The findings could also mean that the land carbon sink – which normally removes billions of tonnes of CO₂ from the atmosphere each year and is essential for meeting climate targets – is weakening decades earlier than expected. It remains unclear, however, if the past two years represent a lasting trend.
Read more
Is climate change accelerating and is it worse than we expected?
“Everybody I’ve talked with who is working on this subject is very surprised,” says Guido van der Werf at Wageningen University in the Netherlands. “It was projected to be a weak sink, but now there’s hardly any sink.”
Forests, grasslands and other ecosystems on land take up CO₂ from the atmosphere as they grow. When they decompose or burn, this carbon is returned to the atmosphere. The uptake and release should generally be in balance. But over the past half century or so, these ecosystems have tended to take up more CO₂ than they have released, creating a carbon sink that varies in strength from year to year.

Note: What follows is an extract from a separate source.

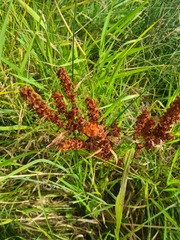 Rumex aquaticus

This tilted balance is thought to be due mainly to increased concentrations of CO₂ in the atmosphere fertilising plants, plus other factors like nutrient pollution and reforestation. But it isn’t expected to last forever because the climate consequences of rising CO₂ are catching up with the fertilisation effect. “We know the land carbon sink will diminish, but we don’t know how fast it will diminish,” says Van der Werf.